С высылкой философов, которую предварила статья Ленина «О значении воинствующего материализма», страна стала моноидеологической диктатурой. Это сразу было заметно на резко упавшем уровне преподавания философии. Рассвет, взлет, который мы наблюдаем в начале XX-го века, сменился какими-то нелепыми спорами диалектиков с «механистами», которые проходили на очень низком философском уровне. В Институте красной профессуры такие личности, как В.Ф. Асмус, выглядели белыми воронами, а Лосев должен был фактически уйти в подполье и влиться в ряды строителей сталинских каналов и пленников лагерей.

Конечно, есть определенная доля счастливой ошибки истории, поскольку такие люди, как Ильин, смогли продолжить в эмиграции творческую работу. Ведь подавляющее большинство своих наиболее ценных работ Ильин создал в зарубежье. И он создавал эти работы, думая о России, с верой в Россию, в ее будущее. Даже читая по-немецки курсы по русской культуре для небольших аудиторий, состоящих из пяти, шести слушателей немецких университетов, он верил, что придет время, и тексты этих лекций будут востребованы, поэтому писал с педантичной скрупулезностью каждую лекцию.
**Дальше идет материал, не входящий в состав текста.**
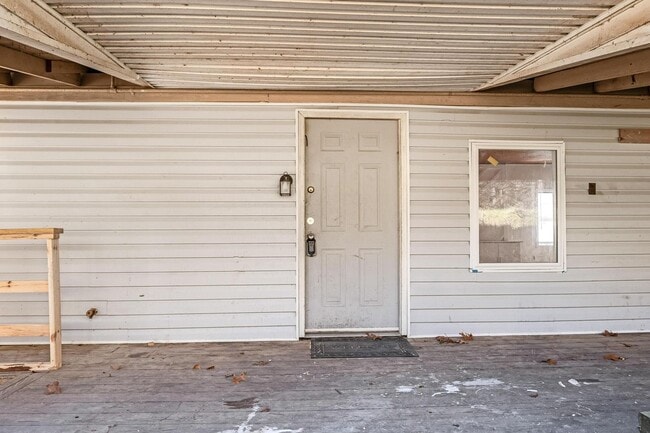 Building Photo - Lakeside Charm: Cozy 2-Bedroom Duplex in Rogers!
Можно в этом, конечно, видеть немецкую педантичность. Ильин был немец по матери. Но в этом можно также видеть свойственную русскому дореволюционному ученому серьезность по отношению к своему философскому и литературному творчеству.

Cкажите, пожалуйста, Алексей Павлович, насколько хорошо, на Ваш взгляд, российское философское сообщество представляет себе наследие и знает творчество Ильина?

— Ильину повезло и не повезло. Повезло с издателями. Юрий Трофимович Лисица, доктор физико-математических наук, взял на себя крест издать Собрание его сочинений. Если включить все тома переписки, то издание насчитывает около 25 томов. Парадокс в том, что его стал издавать профессиональный математик. А ведь Ильина издать не просто. Огромное количество работ издано по рукописям, которые хранятся в архиве Мичиганского университета в США. Этот архив был завещан Ильиным Московскому университету, его alma mater, но так и не передан России. Я думаю, что теперь, когда Университет получил прекрасное здание для библиотеки на Воробьевых горах, в том числе и оснащенное надлежащими условиями для хранения архивов, нужно бы к этому завещанию вернуться и исполнить волю философа.

С другой стороны, Ильину и не повезло. Ильин в определенной степени философ идеологический. Это очевидно в определенных пластах его творчества, если обратиться, например, к такой работе как «Наши задачи». Поэтому часто восприятие его происходит, что называется «на злобу дня». С ожиданием каких-то конкретных политических результатов и дивидендов.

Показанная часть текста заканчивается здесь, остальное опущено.